**Exercise prompt**
Find the line that contains "Buxton Apartment - 1"; please output it and each line after it, exactly as shown, up to the end of the entries below, skipping pictures.

**Records for this exercise**
= = = = = = =

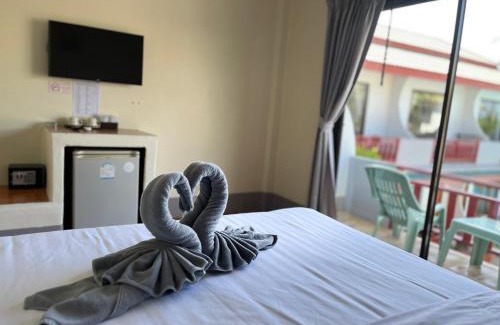 Ko Chang Hotel | Relaxing Bamboo @ Koh Chang with Oceanfront Pool Access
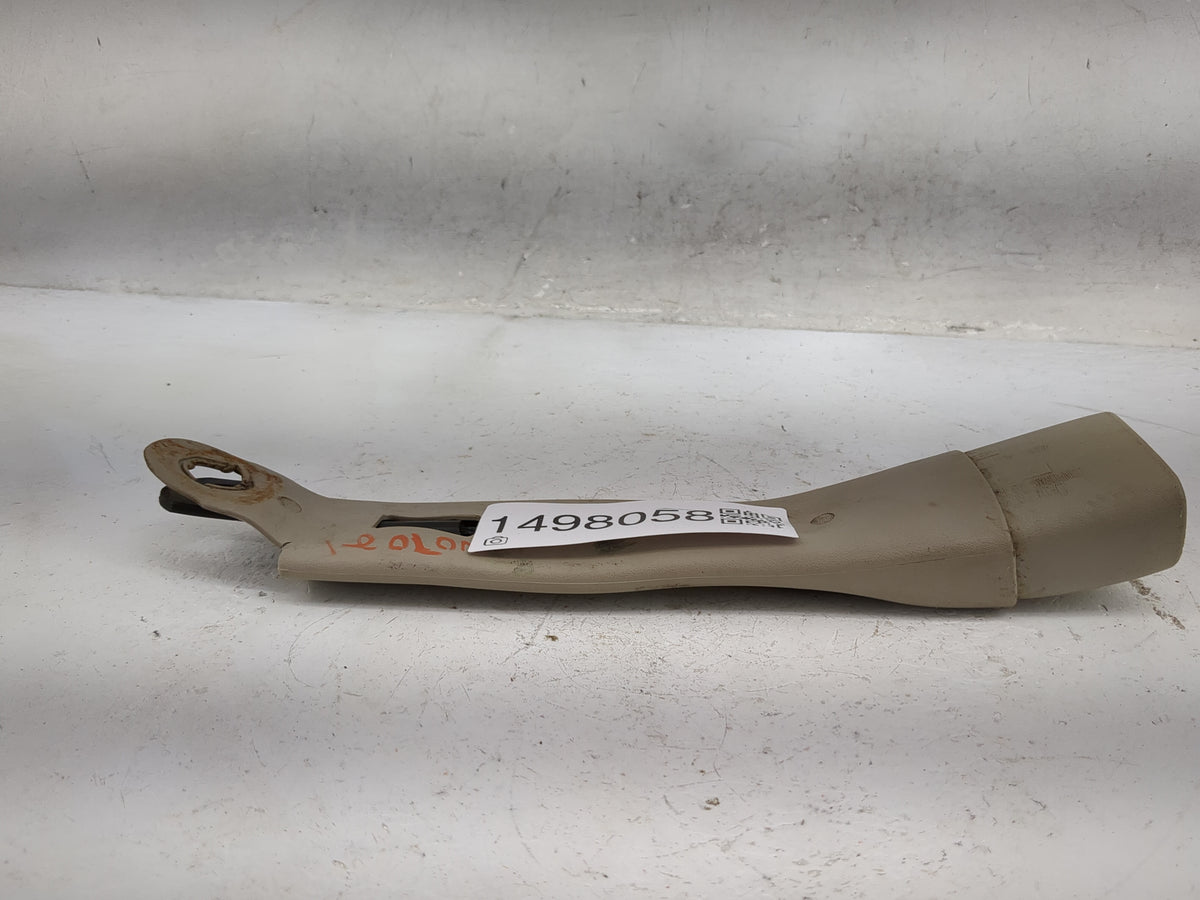 2004-2008 Chrysler Pacifica Driver Seatbelt Buckle Tan - Oemusedautoparts1.com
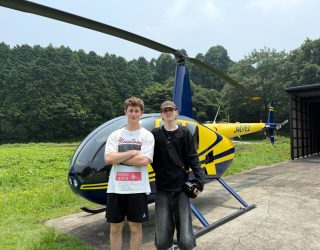 2 jongens voor helikopter Aso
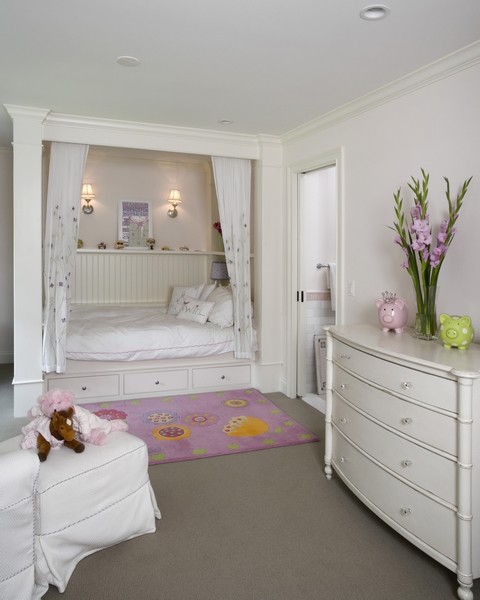 Дизайн спальной комнаты в белом убранстве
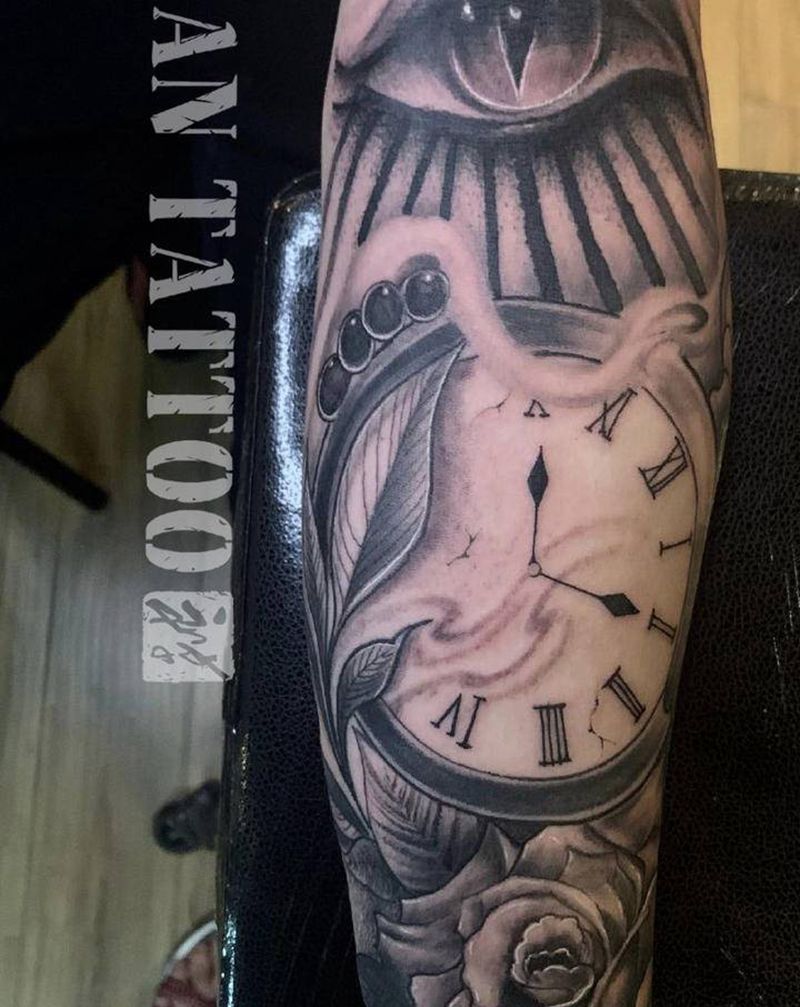 时间 爱人纹身图片_欧美写实纹身图案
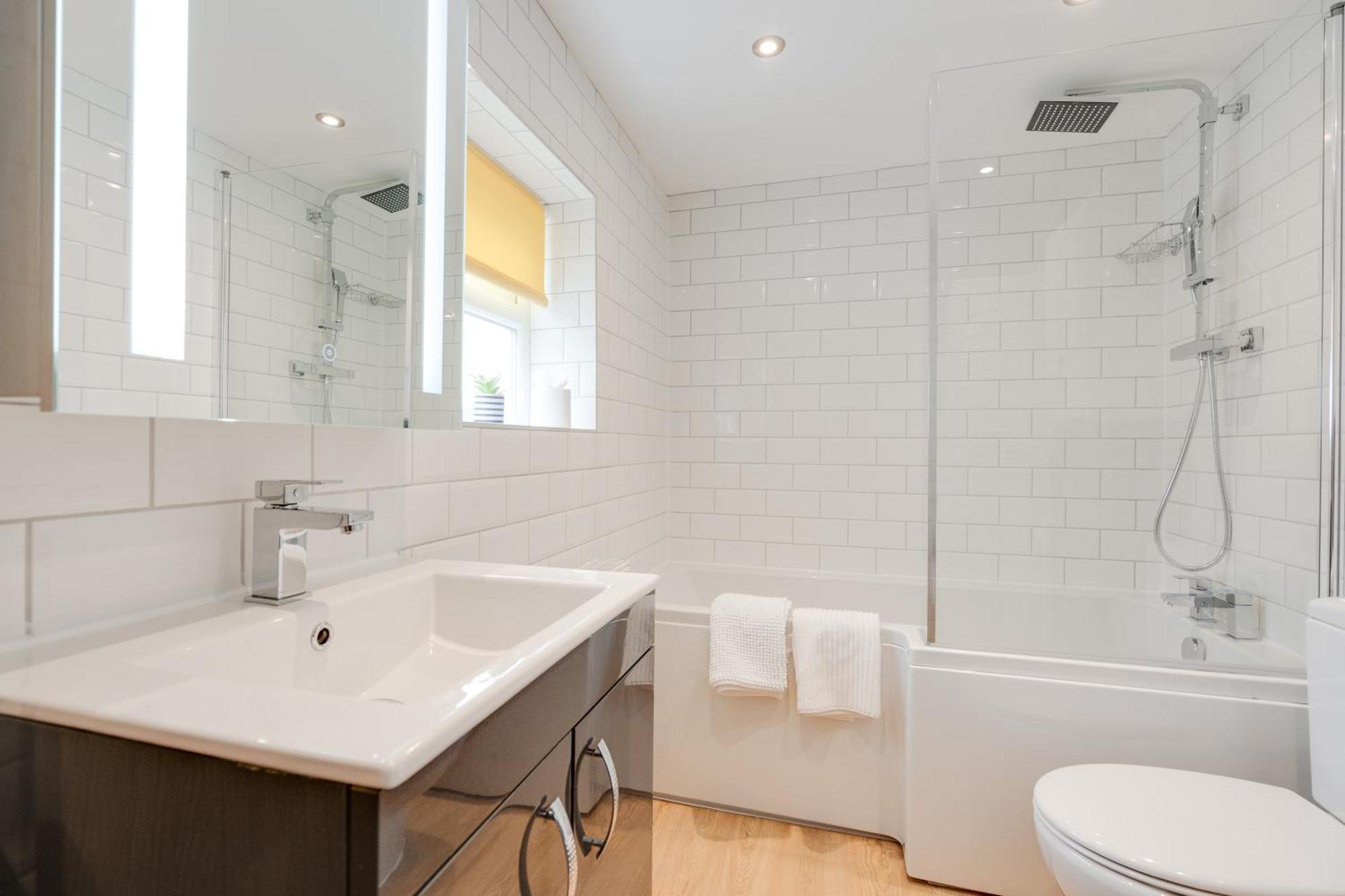 Buxton Apartment - 1 Bed, Free Parking, Wi-Fi Hazel Grove エクステリア 写真
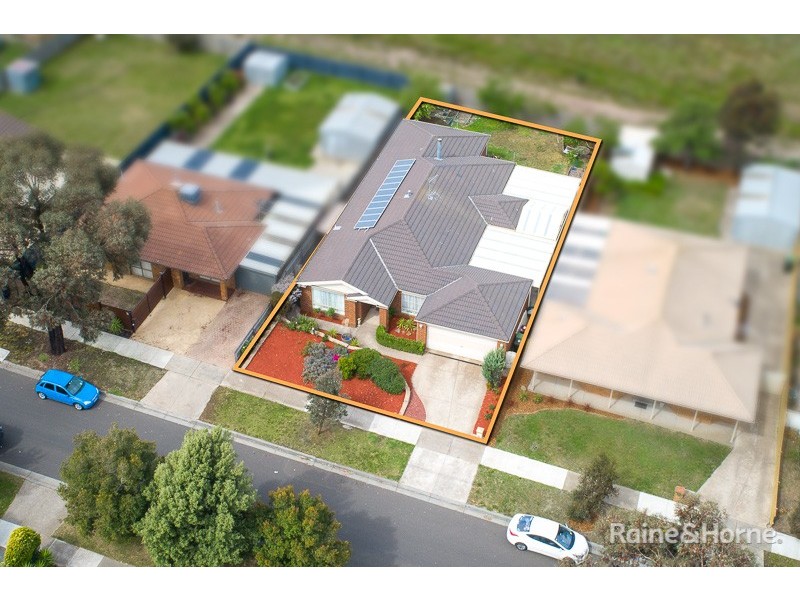 23 Kingsley Drive, Sunbury VIC 3429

= = = = = = =

**Output for this exercise**
 Buxton Apartment - 1 Bed, Free Parking, Wi-Fi Hazel Grove エクステリア 写真
 23 Kingsley Drive, Sunbury VIC 3429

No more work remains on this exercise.